(Listed records Opens)

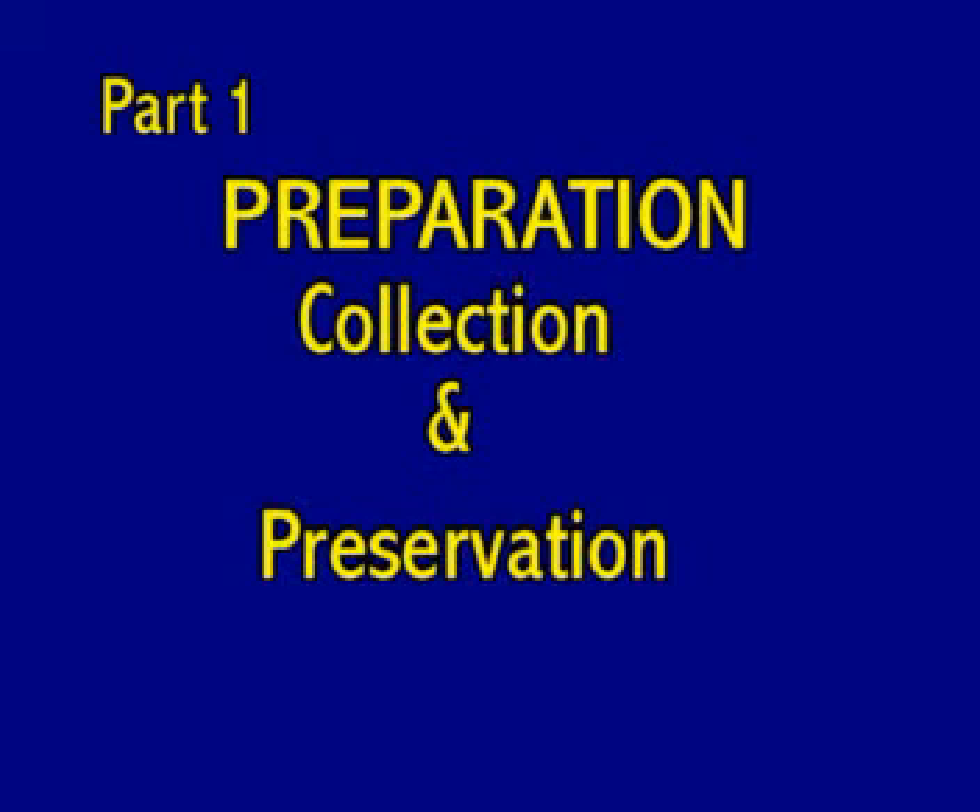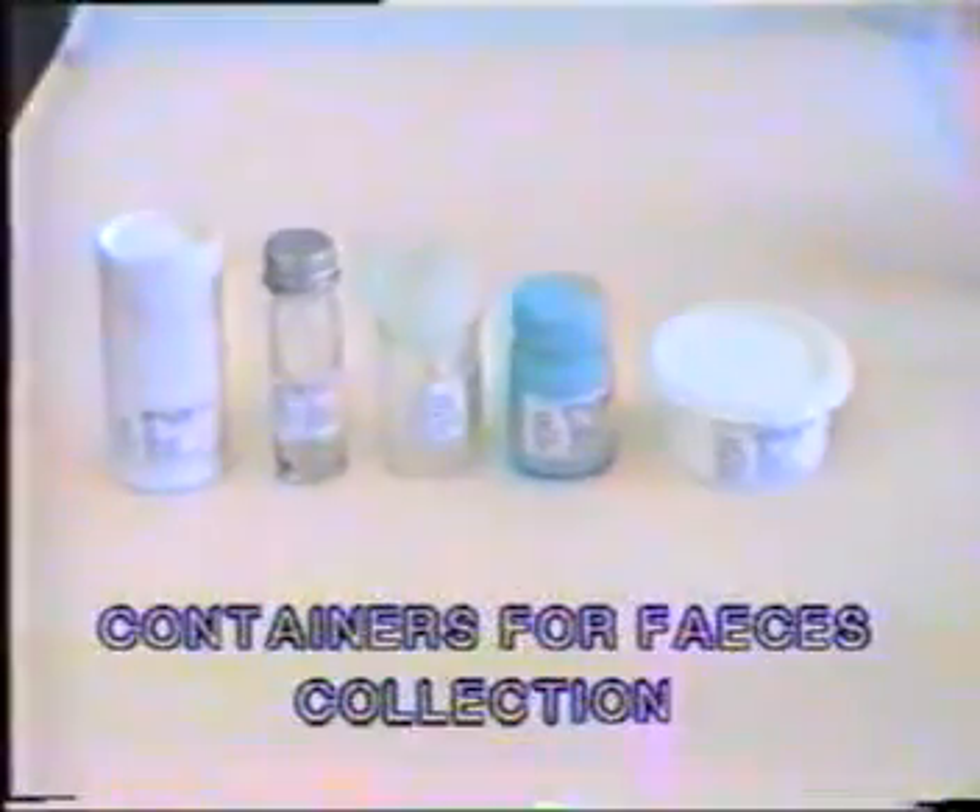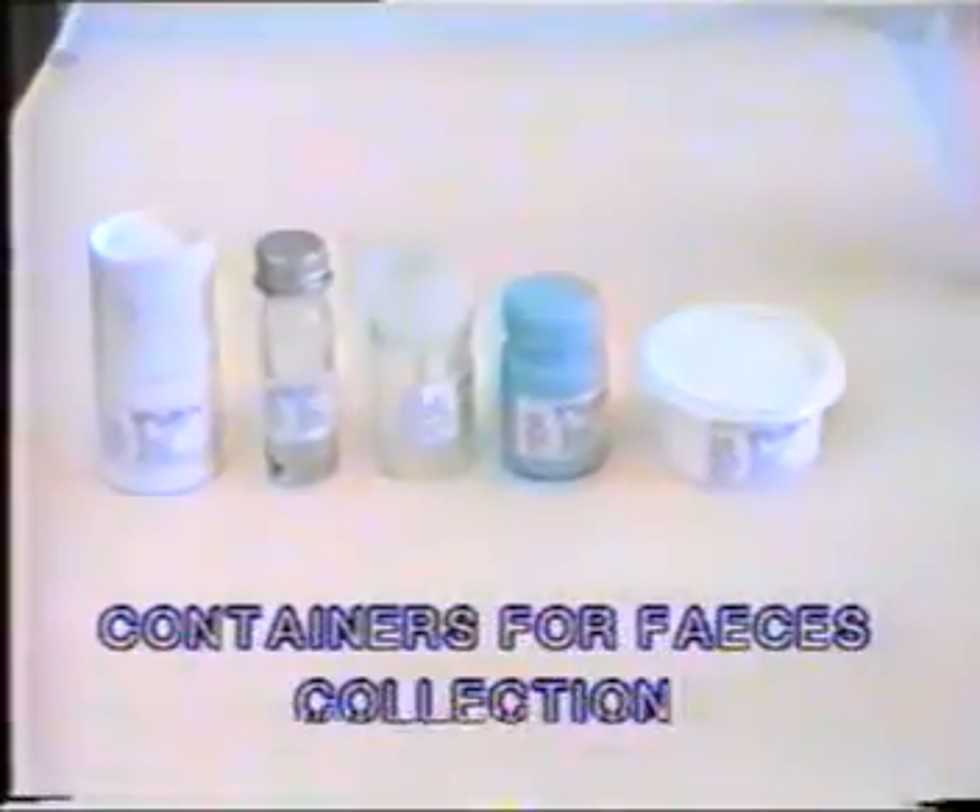For any examination procedure, the proper collection of specimens is vital. The containers could be of glass, plastic, or wax paper. They should be either disposable or sterilizable. Containers such as these, which are usually given to hospital patients for faeces collection, should never be used.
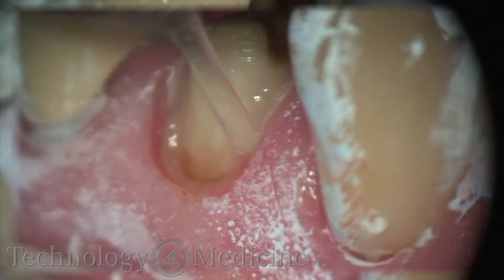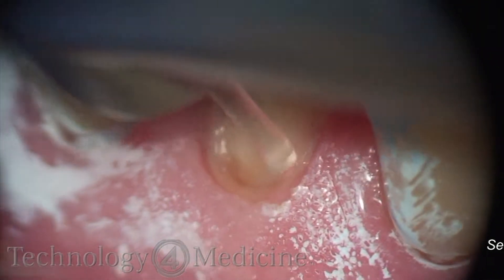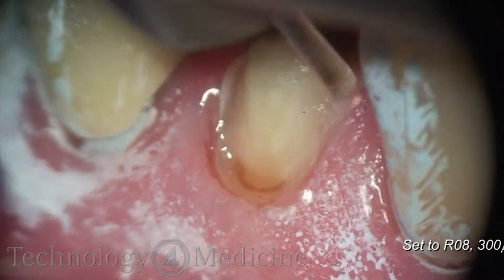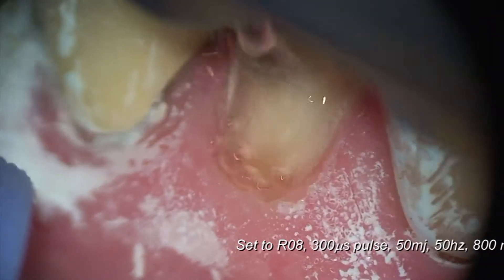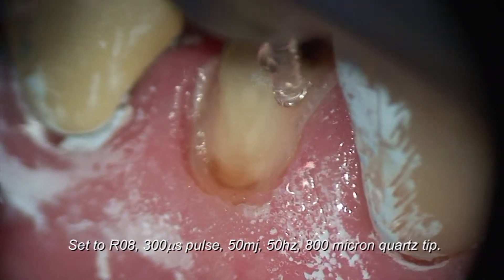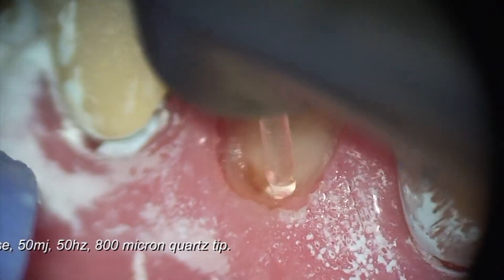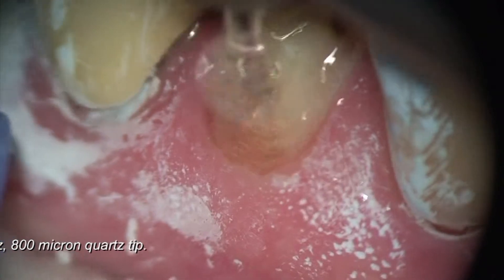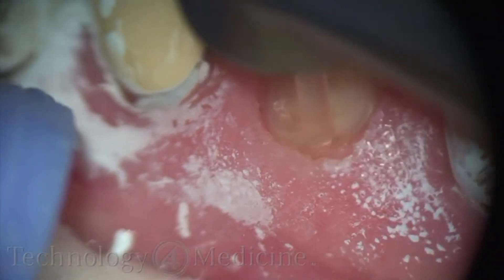I'm going to find some fault in the preparation here. You have a couple of choices — one can pull out a diamond and smooth, or in this case, I decided I would just use the laser. Setting the laser at a very high hertz, or repetition rate, I'm able to smooth the margin very easily and efficiently without having to put a handpiece in. Patients like the fact that I use the laser instead of the drill in this case.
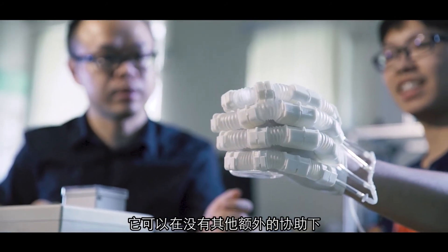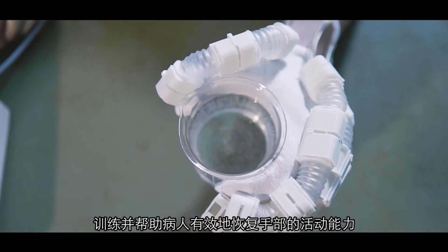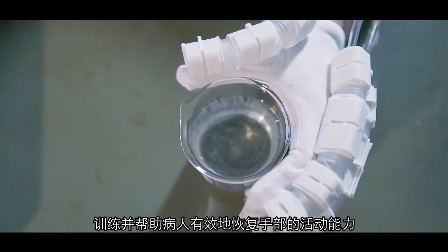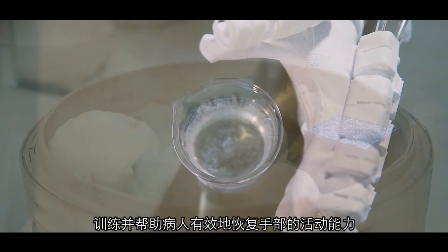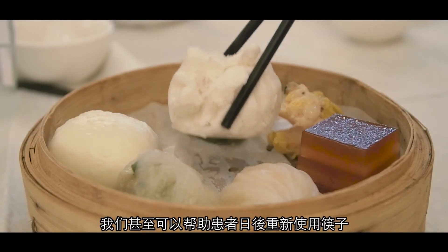The use of this new technology can help us to improve rehabilitation very well. It can train and rehab their hand much more efficiently without any extra assistance. We can even allow patients to use chopsticks in the future.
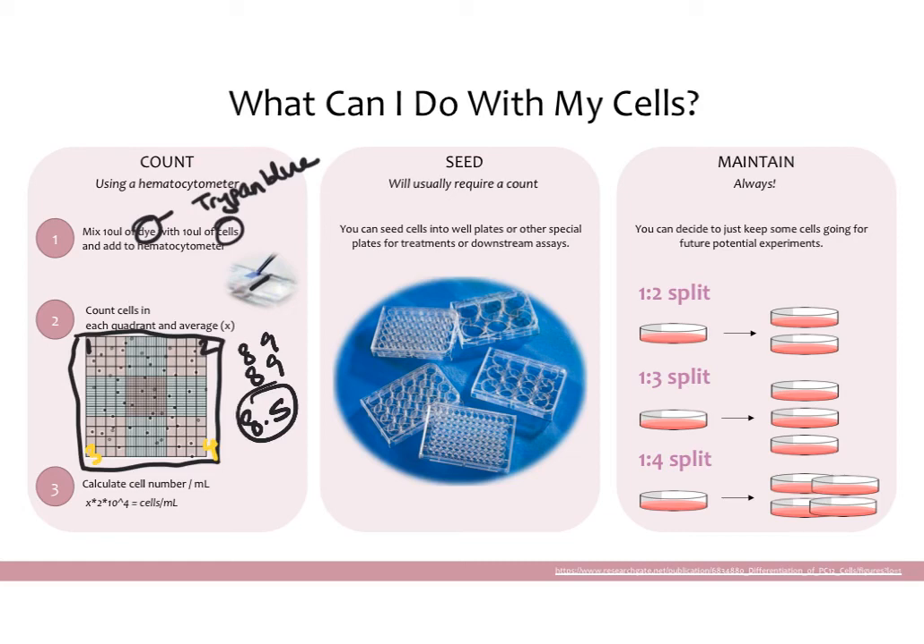Once you have that average number x, you can use it to calculate how many cells you have per milliliter of solution. Since we did a 1:2 dilution — 10 microliters of dye and 10 microliters of cells — you multiply by 2 first, giving 17. Then you multiply by 10 to the fourth, so you get 170,000 cells per mL. This is useful for experiments that require you to start with exactly the same number of cells in every group — you can use this number to calculate how many microliters to add to get a specific cell count, such as 2,000 cells.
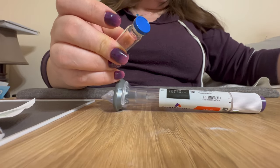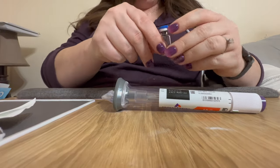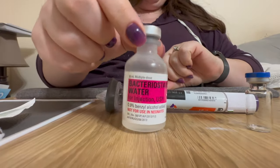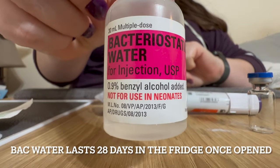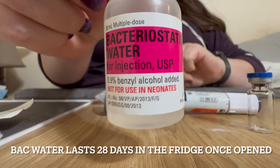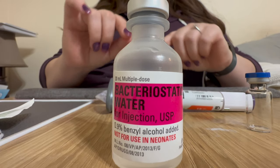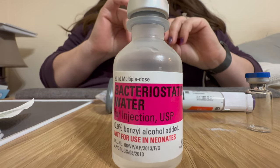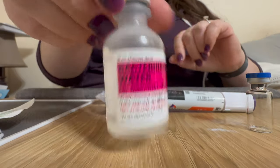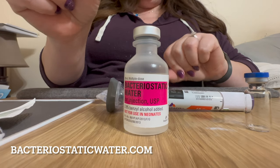The other thing you need is bacteriostatic water. This will help you create easier, more measurable doses from the Mounjaro pen to whatever dose you need, and it also helps keep things from growing bacteria — helps keep it sterile. It's recommended to use this. I'll put the source website in the description.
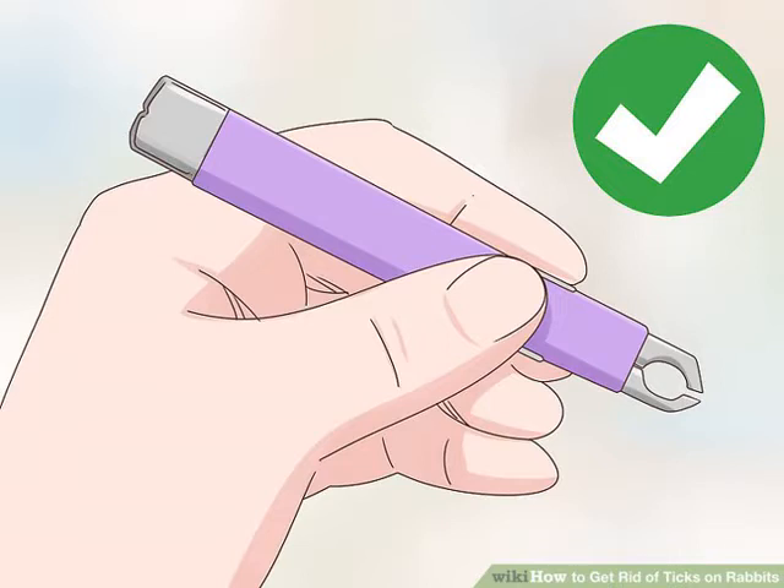Choose a pair of fine-tipped tweezers. Fine-tipped tweezers are generally good for removing ticks, though you can also use a device made for removing ticks. You should use one or the other — not your fingers — so you can remove the tick at the head. Squeezing the body pushes more bacteria into the rabbit's body.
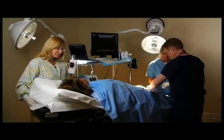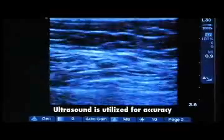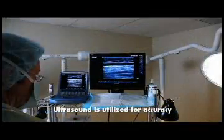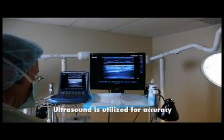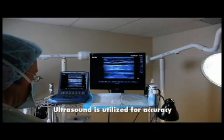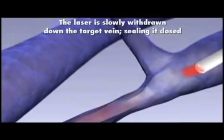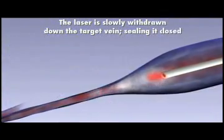That's the reason we're able to do the procedure in the office and why it's so much more convenient for the patients as well as safe. EVLA involves the insertion of a very fine laser fiber into the vein that supplies the problematic surface veins. Ultrasound guidance is utilized during the procedure so that the laser fiber is placed accurately. Once the fiber is positioned, local anesthesia is instilled around the vein to be treated. The laser is then fired and slowly withdrawn down the target vein, thereby sealing it closed.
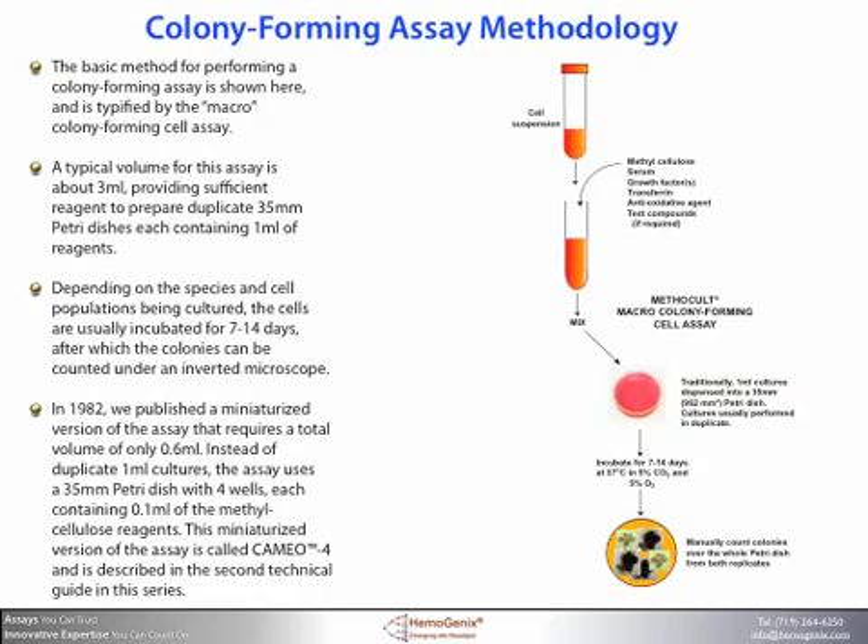The basic method for performing a colony forming assay is shown here, typified by the macro colony forming cell assay. In this assay, the basic components of methylcellulose, serum growth factors, and target cells, as well as other constituents, are mixed together in a tube. A typical volume for this assay is about 3 milliliters, providing sufficient reagent to prepare duplicate 35 mm Petri dishes, each containing 1 milliliter of reagents. Depending on the species and cell populations being cultured, the cells are usually incubated for 7 to 14 days, after which the colonies can be counted under an inverted microscope. As you can imagine, this macro culture uses considerable volumes of reagent, as well as cells.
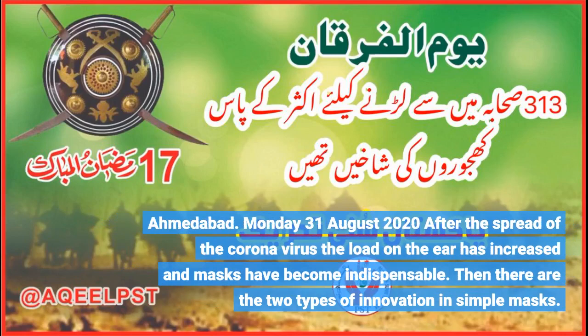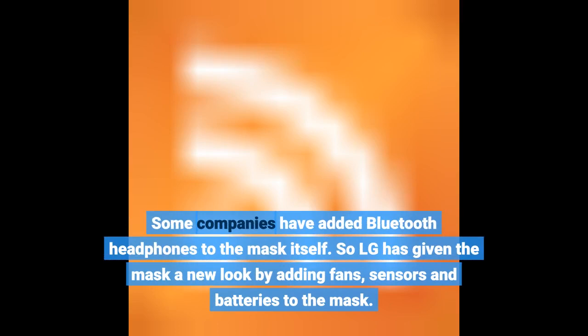Ahmedabad, Monday 31 August 2020. After the spread of the coronavirus, the load on the ear has increased and masks have become indispensable. There are two types of innovation in simple masks. Some companies have added Bluetooth headphones to the mask itself.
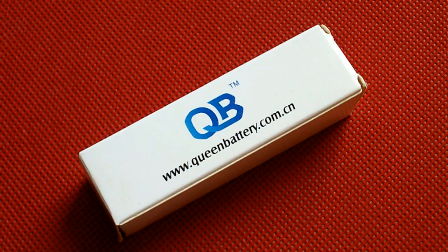Hello battery lovers. I've tested a lot of cells of different brands, but only 2 or 3 of them were Sony, and it's time to change that.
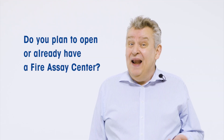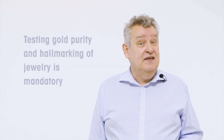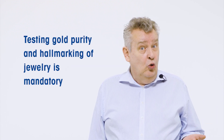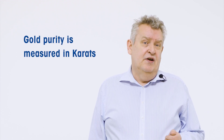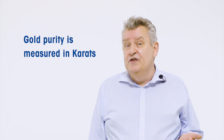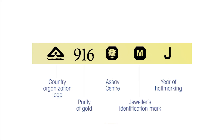If you have or you're planning to open a fire assay centre, you already know that testing gold purity and hallmarking of jewellery has become mandatory to ensure consumer protection against malpractice. Gold purity is measured in carats — for example, 916 indicates 22 carat and denotes the purity of gold in the final product. The hallmark stamp authenticates that the metal used conforms to national and international standards for gold fineness.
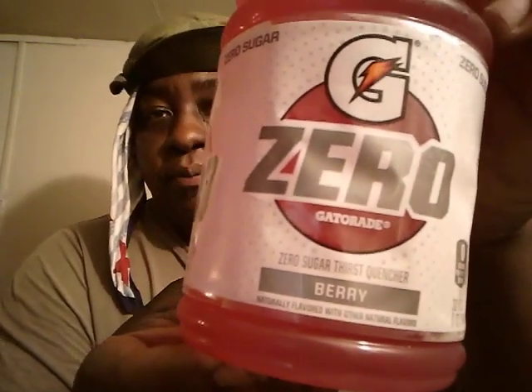As you know, it doesn't have any calories. The nutrition facts: no calories, no total fat, 160 milligrams of sodium, potassium 45 milligrams, total carbohydrates less than one gram, sugar zero, proteins zero. No further ado, let's get into what it's like.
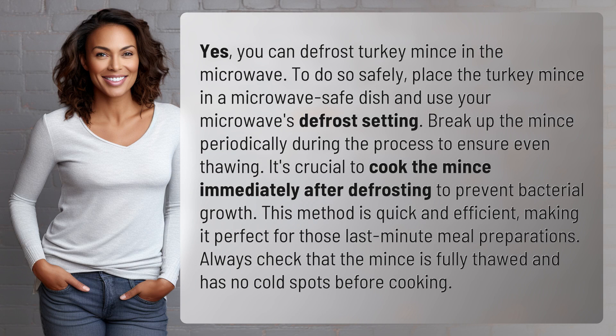Yes, you can defrost turkey mince in the microwave. To do so safely, place the turkey mince in a microwave-safe dish and use your microwave's defrost setting. Break up the mince periodically during the process to ensure even thawing. It's crucial to cook the mince immediately after defrosting to prevent bacterial growth.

(Listed records Closes)

### Exercise
Give back exactly the lines above that run from the one with "I'm going to" to the one with "The use of this", including both, with the pictures left out.

### Solution
I'm going to find some fault in the preparation here. You have a couple of choices — one can pull out a diamond and smooth, or in this case, I decided I would just use the laser. Setting the laser at a very high hertz, or repetition rate, I'm able to smooth the margin very easily and efficiently without having to put a handpiece in. Patients like the fact that I use the laser instead of the drill in this case.
The use of this new technology can help us to improve rehabilitation very well. It can train and rehab their hand much more efficiently without any extra assistance. We can even allow patients to use chopsticks in the future.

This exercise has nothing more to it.